Fort Eben-Emael occupies a large hill just to the east of Eben-Emael village (now part of Bassenge) and bordering the Albert Canal. The irregularly-shaped fort is about 600 m in the east-west dimension, and about 750 m in the north-south dimension. It was more heavily armed than any other in the PFL I. In contrast to the other forts whose main weapons were in turrets, Eben-Emael's main weapons were divided between turrets and casemates. The 60 mm, 75 mm and 120 mm guns were made by the Fonderie Royale des Canons de Belgique (F.R.C.) in the city of Liège. The artillery turrets were so well-designed and constructed the artillerists were not required to wear hearing protection when firing the guns.
- Block B.I – entrance block with two 60 mm anti-tank guns (F.R.C. Modèle 1936) and machine guns.
- Blocks B.II, B.IV and B.VI – flanking casemates located around the perimeter ditch to take the ditch in enfilade with two 60 mm guns and machine guns.
- Block B.V – similar to II, IV and VI, with one 60 mm gun.
- Cupola 120 – one twin 120 mm gun (F.R.C. Modèle 1931) turret, with a range of 17.5 km. There were also three dummy 120 mm turrets.
- Cupola Nord and Cupola Sud – each had one retractable turret with two 75 mm guns (F.R.C. Modèle 1935), with a range of 10.5 km.
- Visé I and II – each houses three 75 mm guns, facing south.
- Maastricht I and II – each houses three 75 mm guns, firing north in the direction of Maastricht.
- Canal Nord and Sud – were twinned blocks housing 60 mm guns and machine guns covering the canal. 'Sud' was demolished when the canal was enlarged.
- 'Mi-Nord and Sud' are machine gun blocks (mitrailleuses) in the main surface of the fort. They were crucial in defending the top of the fort.
- 'Block O1' overlooks the canal and guarded the Lanaye locks. It housed a 60 mm gun and machine guns.
Underground galleries extend over 4 km beneath the hill, connecting the combat blocks and serving the underground barracks, power plant, ammunition magazines and other spaces. Fresh air was obtained from intake vents over the canal.

== Personnel ==
In 1940, Fort Eben-Emael was commanded by Major Jottrand. There were around 1,200 Belgian troops stationed at the fort, divided into three groups. The first group was permanently stationed at the fort and consisted of 200 technical personnel (e.g. doctors, cooks, weapon maintenance technicians, administration staff). The two other groups consisted of 500 artillerists each. In peacetime, one group would be stationed at the fort for one week, and the other group would be in reserve at the village of Wonck, about 5 km away. These two groups would change places every week.

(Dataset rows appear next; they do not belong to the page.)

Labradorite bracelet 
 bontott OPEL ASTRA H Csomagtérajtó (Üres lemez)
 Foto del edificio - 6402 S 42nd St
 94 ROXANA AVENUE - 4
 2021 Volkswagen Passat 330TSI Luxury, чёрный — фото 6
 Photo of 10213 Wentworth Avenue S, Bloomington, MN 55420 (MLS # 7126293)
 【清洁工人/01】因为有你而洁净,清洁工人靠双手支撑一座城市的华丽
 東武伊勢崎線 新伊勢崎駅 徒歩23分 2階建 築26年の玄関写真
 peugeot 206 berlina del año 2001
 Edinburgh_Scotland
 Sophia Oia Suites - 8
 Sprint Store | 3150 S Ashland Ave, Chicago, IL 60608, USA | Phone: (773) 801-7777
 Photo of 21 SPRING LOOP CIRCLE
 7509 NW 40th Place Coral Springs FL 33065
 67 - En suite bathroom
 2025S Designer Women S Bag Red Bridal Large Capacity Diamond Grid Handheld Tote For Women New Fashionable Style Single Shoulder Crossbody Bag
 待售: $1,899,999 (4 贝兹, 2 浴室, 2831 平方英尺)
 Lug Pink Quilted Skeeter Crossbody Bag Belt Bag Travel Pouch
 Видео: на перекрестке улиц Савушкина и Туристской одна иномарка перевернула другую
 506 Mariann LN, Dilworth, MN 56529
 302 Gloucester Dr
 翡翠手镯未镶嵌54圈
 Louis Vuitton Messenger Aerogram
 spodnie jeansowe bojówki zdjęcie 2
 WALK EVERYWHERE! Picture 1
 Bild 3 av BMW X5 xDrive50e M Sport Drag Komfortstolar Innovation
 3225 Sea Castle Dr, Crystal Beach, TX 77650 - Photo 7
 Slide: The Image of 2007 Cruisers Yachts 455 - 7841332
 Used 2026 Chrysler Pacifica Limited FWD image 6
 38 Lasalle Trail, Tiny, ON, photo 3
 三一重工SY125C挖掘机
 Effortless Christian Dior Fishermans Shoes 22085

Except for some of the officers and NCOs, most of the men were conscripts. The majority of these were reservists and were called up after the invasion of Poland in 1939. Infantry training was poor, since the men were considered to be purely artillerists.

== 1940 ==

On 10 May 1940, 78 paratroopers of the German 7th Flieger (later 1st Fallschirmjäger Division) landed on the fortress with DFS 230 gliders, armed with special high explosives to attack the fortress and its guns. Most of the fort's defenders were taken by complete surprise. Eben-Emael's loss delivered a hard blow from which the Belgian Army did not recover.

== Present day ==
Fort Eben-Emael is now open to the public. While still military property, it is administered by the Association Fort Eben-Emael, which provides tours and activities.